## SOURCE DATA
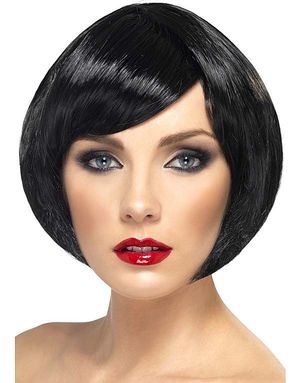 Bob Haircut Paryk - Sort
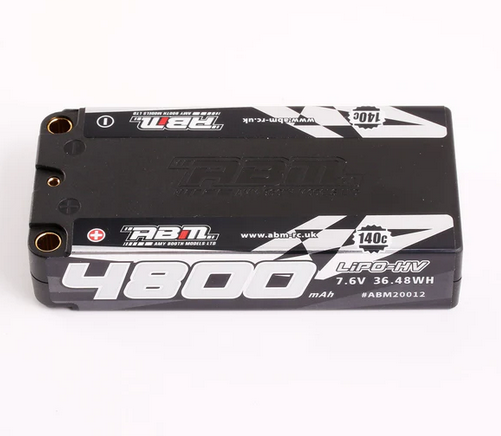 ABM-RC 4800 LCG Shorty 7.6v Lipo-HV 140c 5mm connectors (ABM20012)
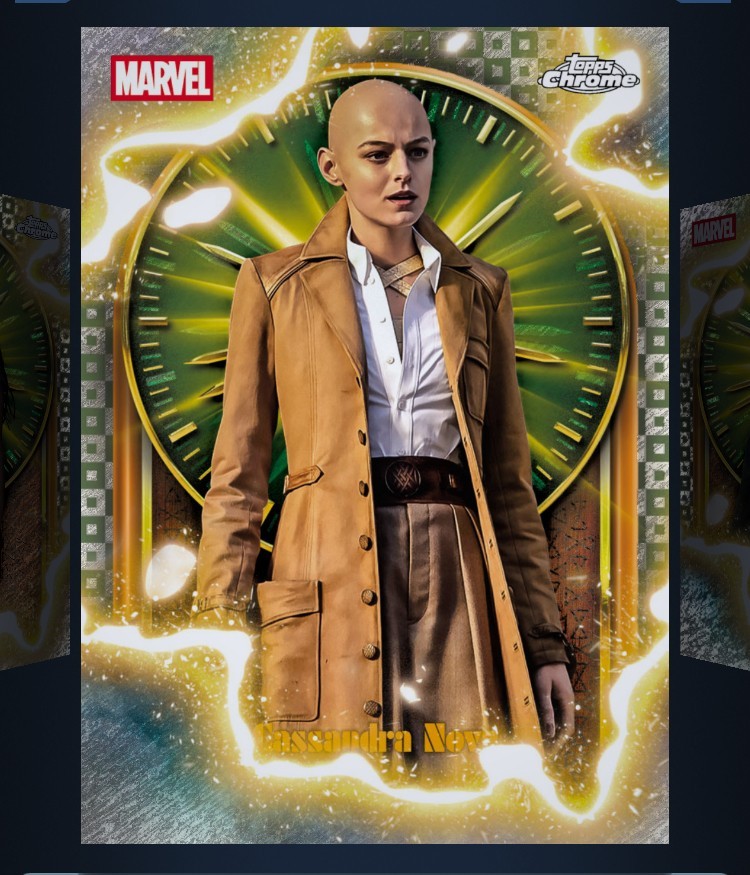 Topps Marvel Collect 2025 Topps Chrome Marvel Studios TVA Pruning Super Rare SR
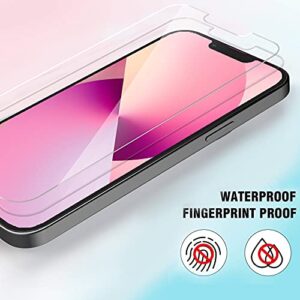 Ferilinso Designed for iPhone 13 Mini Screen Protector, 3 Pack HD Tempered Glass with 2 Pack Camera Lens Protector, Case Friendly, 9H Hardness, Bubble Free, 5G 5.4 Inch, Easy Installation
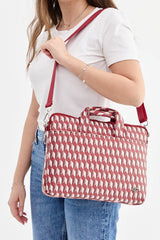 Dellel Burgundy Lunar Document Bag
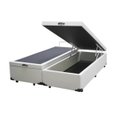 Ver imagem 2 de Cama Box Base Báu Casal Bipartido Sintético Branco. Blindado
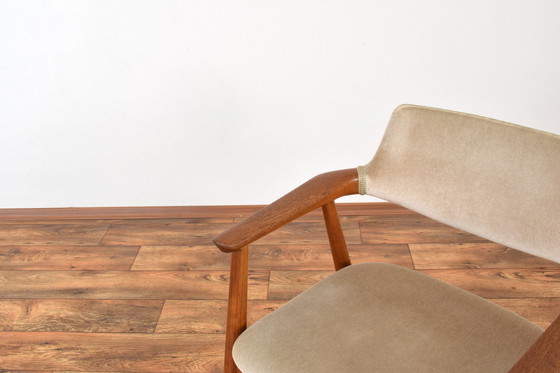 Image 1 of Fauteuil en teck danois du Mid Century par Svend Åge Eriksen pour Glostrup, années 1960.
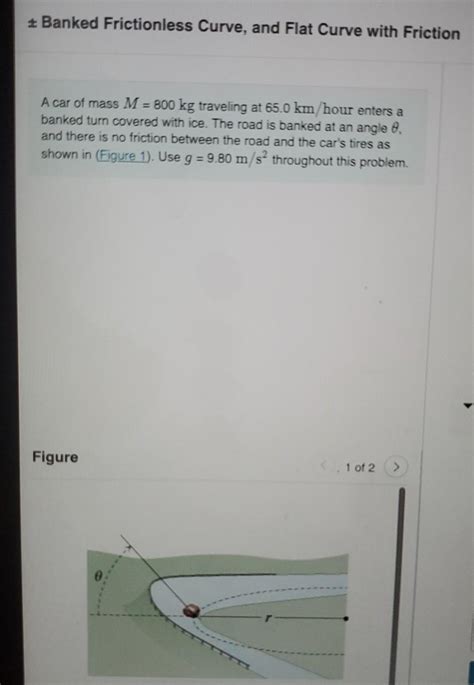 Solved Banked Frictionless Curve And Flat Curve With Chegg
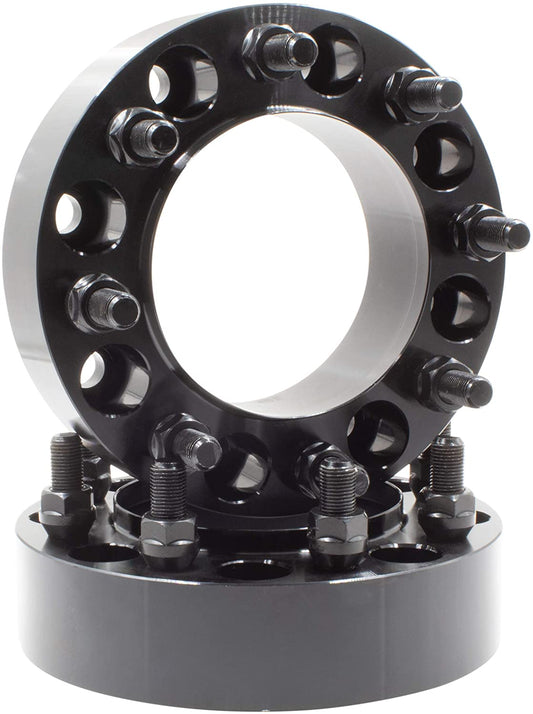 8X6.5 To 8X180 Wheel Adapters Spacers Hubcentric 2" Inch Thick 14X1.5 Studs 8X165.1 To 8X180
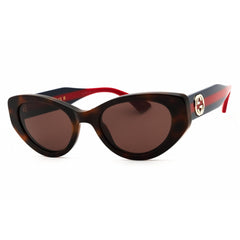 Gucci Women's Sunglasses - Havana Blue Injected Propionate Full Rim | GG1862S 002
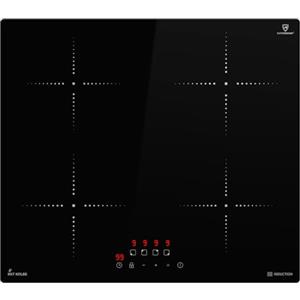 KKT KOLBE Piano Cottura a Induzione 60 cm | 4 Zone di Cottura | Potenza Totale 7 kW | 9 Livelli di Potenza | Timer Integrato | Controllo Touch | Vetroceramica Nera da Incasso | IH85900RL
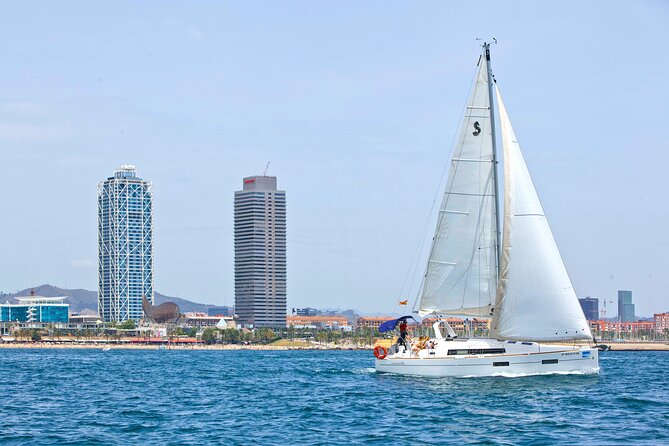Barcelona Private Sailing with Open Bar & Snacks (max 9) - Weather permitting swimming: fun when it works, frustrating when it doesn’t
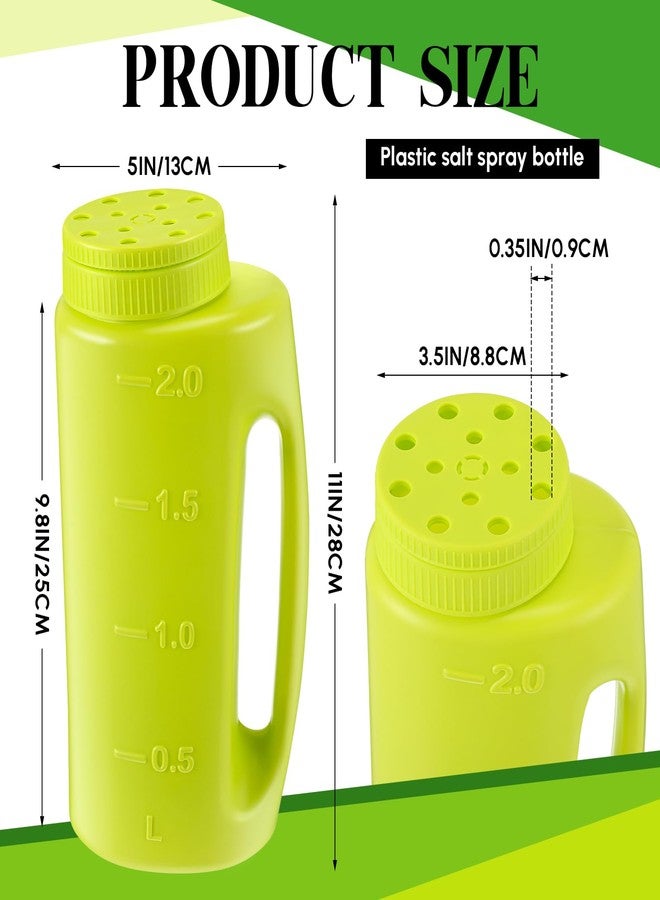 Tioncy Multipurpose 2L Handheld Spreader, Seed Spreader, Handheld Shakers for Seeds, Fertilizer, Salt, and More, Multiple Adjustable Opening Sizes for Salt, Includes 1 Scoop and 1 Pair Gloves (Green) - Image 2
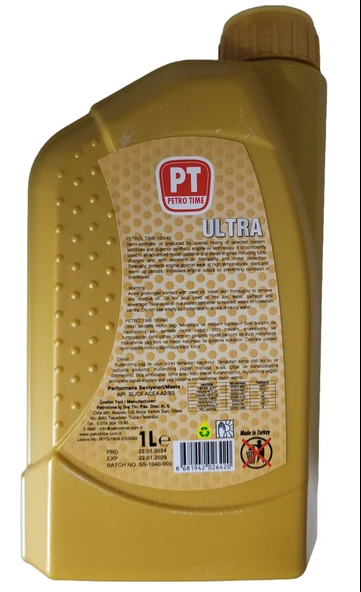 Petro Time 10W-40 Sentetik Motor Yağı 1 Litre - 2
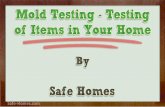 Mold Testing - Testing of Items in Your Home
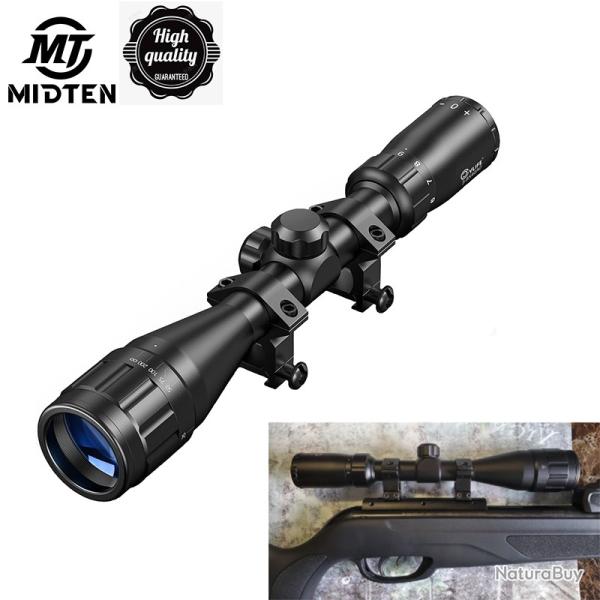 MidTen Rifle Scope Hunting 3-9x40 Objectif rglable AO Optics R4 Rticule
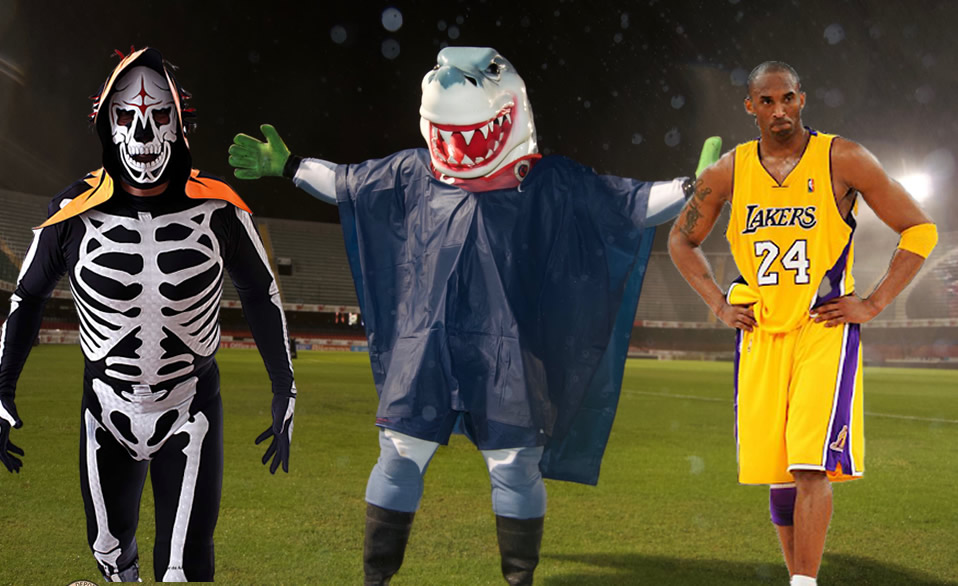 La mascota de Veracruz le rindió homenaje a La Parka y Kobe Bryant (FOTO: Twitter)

## YOUR GOAL
Without including any picture, retype the entries exactly.

## WRITTEN SOLUTION
 Bob Haircut Paryk - Sort
 ABM-RC 4800 LCG Shorty 7.6v Lipo-HV 140c 5mm connectors (ABM20012)
 Topps Marvel Collect 2025 Topps Chrome Marvel Studios TVA Pruning Super Rare SR
 Ferilinso Designed for iPhone 13 Mini Screen Protector, 3 Pack HD Tempered Glass with 2 Pack Camera Lens Protector, Case Friendly, 9H Hardness, Bubble Free, 5G 5.4 Inch, Easy Installation
 Dellel Burgundy Lunar Document Bag
 Ver imagem 2 de Cama Box Base Báu Casal Bipartido Sintético Branco. Blindado
 Image 1 of Fauteuil en teck danois du Mid Century par Svend Åge Eriksen pour Glostrup, années 1960.
 Solved Banked Frictionless Curve And Flat Curve With Chegg
 8X6.5 To 8X180 Wheel Adapters Spacers Hubcentric 2" Inch Thick 14X1.5 Studs 8X165.1 To 8X180
 Gucci Women's Sunglasses - Havana Blue Injected Propionate Full Rim | GG1862S 002
 KKT KOLBE Piano Cottura a Induzione 60 cm | 4 Zone di Cottura | Potenza Totale 7 kW | 9 Livelli di Potenza | Timer Integrato | Controllo Touch | Vetroceramica Nera da Incasso | IH85900RL
Barcelona Private Sailing with Open Bar & Snacks (max 9) - Weather permitting swimming: fun when it works, frustrating when it doesn’t
 Tioncy Multipurpose 2L Handheld Spreader, Seed Spreader, Handheld Shakers for Seeds, Fertilizer, Salt, and More, Multiple Adjustable Opening Sizes for Salt, Includes 1 Scoop and 1 Pair Gloves (Green) - Image 2
 Petro Time 10W-40 Sentetik Motor Yağı 1 Litre - 2
 Mold Testing - Testing of Items in Your Home
 MidTen Rifle Scope Hunting 3-9x40 Objectif rglable AO Optics R4 Rticule
 La mascota de Veracruz le rindió homenaje a La Parka y Kobe Bryant (FOTO: Twitter)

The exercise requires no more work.